Was the second Steve Jobs era of Apple executed masterfully? Yes. Did Steve Jobs' beautiful vision, taste, and marketing catalyze our journey back from Windows to Mac? Yes. Did Steve Jobs hire outstanding talent in order to re-gain an edge over Microsoft? Yes. Did Steve Jobs advance innumerable concepts, such as seamless hardware/software integration and uber-simple functionality? Yes. Was he the most important man of the century to date? Yes, I believe he was.
But that does not change the fact that everything he accomplished was — at its core — a beautifully and fortunately timed sequence of events that were built upon technological breakthroughs that he did not create.
And that is why AAPL shareholders like me need to be scared right now.
Everything that Steve Jobs brought to the company is still there — beautiful design, simplicity, retail stores, hardware/software fusion, and the list goes on.

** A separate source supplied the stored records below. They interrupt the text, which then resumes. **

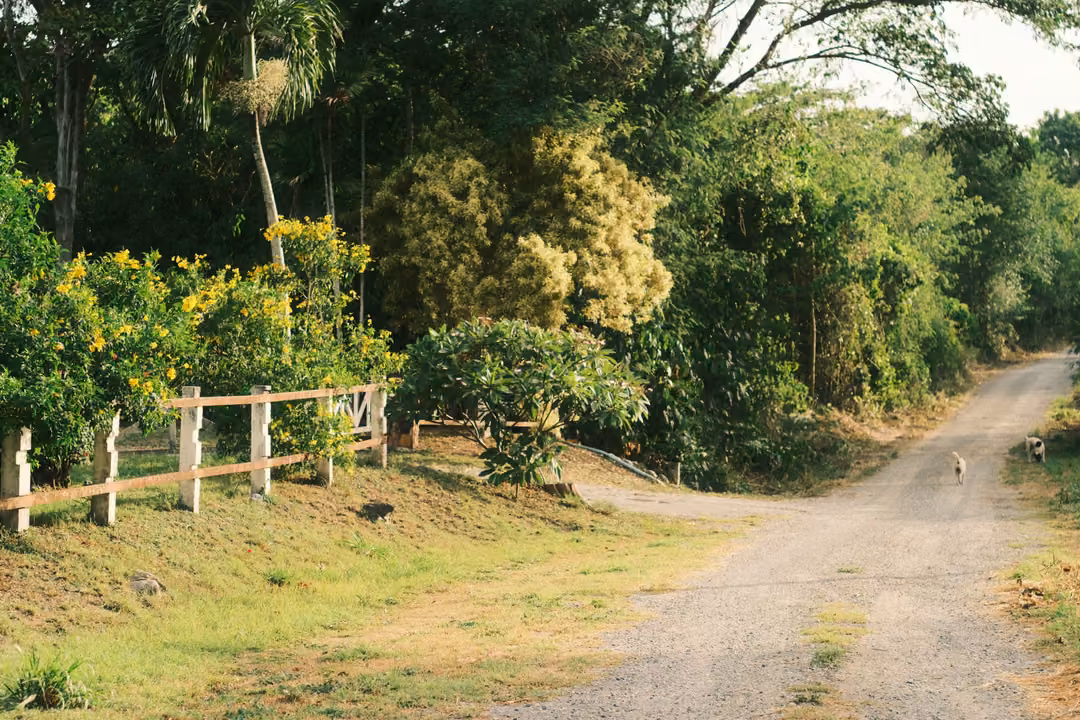 A gravel road forks beside a white wooden fence and yellow flowering shrubs, a small dog far down the lane.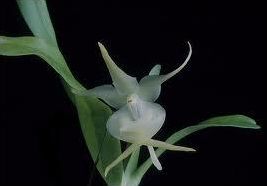 Quiz Nature, cologie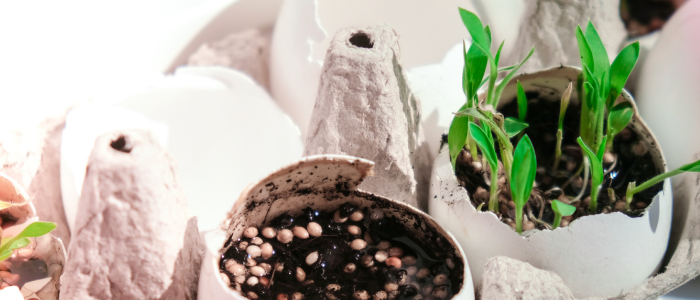 Egg shells in a carton with soil and plants sprouting from them.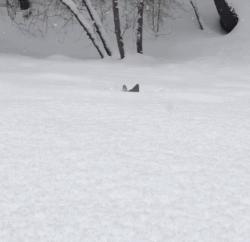 柯基最好笑的4个行为,柯基小短腿的烦恼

But it’s not the "magic" of Steve Jobs that is missing today. It’s the absence of any technological sea changes. And if he were alive today, he would be struggling with this very issue.
Hard drives are now infinitely big. Microchips are almost infinitely small. And everybody is connected. We are entering a world of iteration and optimization, but the breakthroughs are behind us. We are lucky that Steve Jobs returned to Apple just in time and brought his masterful execution, cohesiveness, and marketing to layer upon these breakthroughs. But he didn’t create them. We saw it with the Internet, hard drives, and then we saw it with phones.

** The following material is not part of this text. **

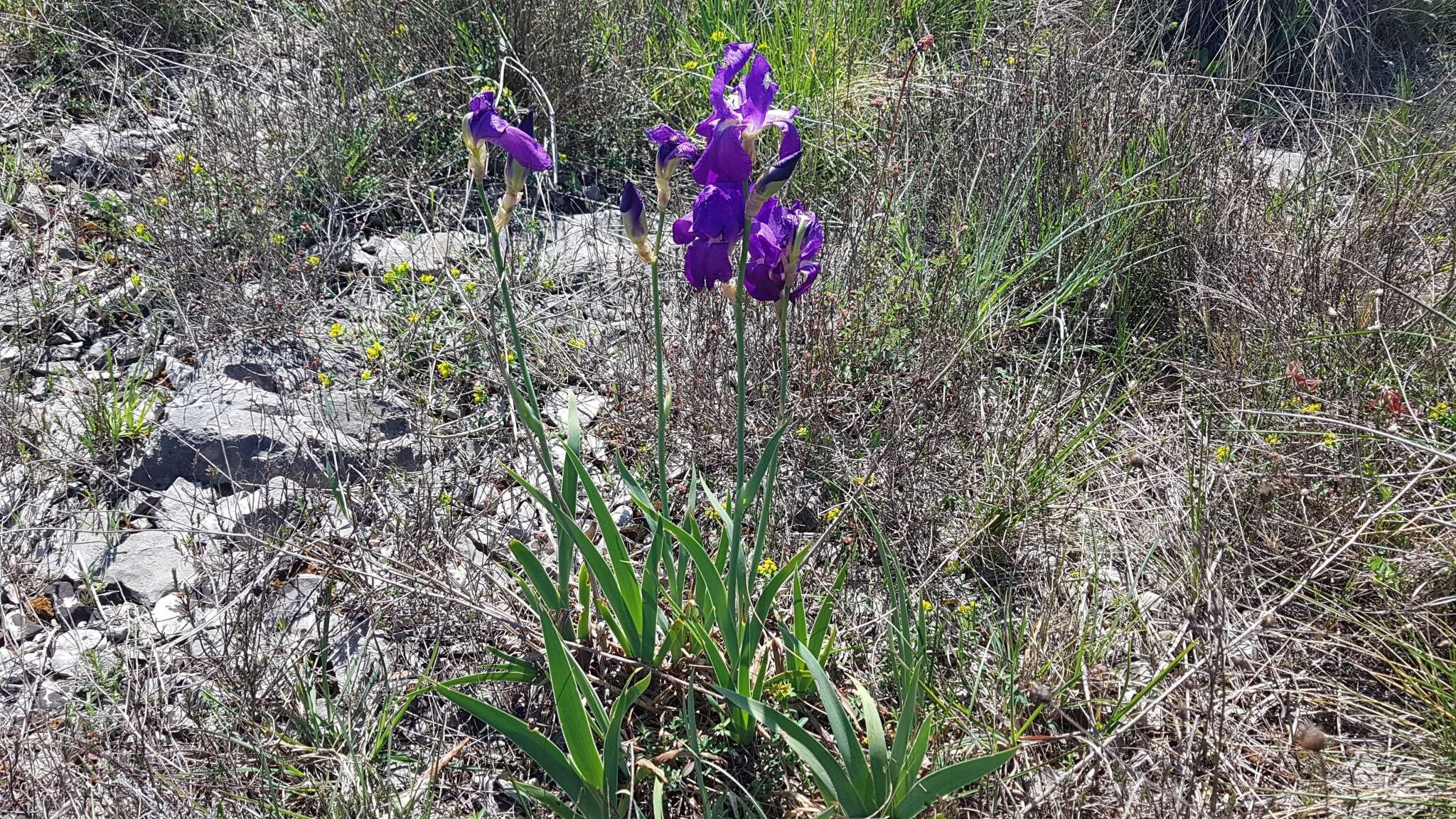 Imagem de Iris pallida subsp. illyrica (Tomm. ex Vis.) K. Richt.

Like all great entrepreneurs, he was in the right place at the right time. And he took advantage of it better than anyone.
And as an Apple fanboy, it kills me to cast an imperfect light on our most inspiring of heroes. But I’m also an Apple shareholder who owes it to himself to look deeper at the company, its past, and its future. The company trades at a relatively attractive P/E multiple. And people will probably buy the rumored television set simply because of the logo on it. So I’m not going to bail just yet.
But make no mistake about why share prices have lost momentum. The panic is real. There are real problems with Apple. They are problems that Steve Jobs would not be able to solve today. Just as he would not have been able to navigate the 1985 – 1996 period.
Steve Jobs was lucky to be gone during those bitter 12 years. And Tim Cook is unlucky to have inherited this company at precisely the wrong time.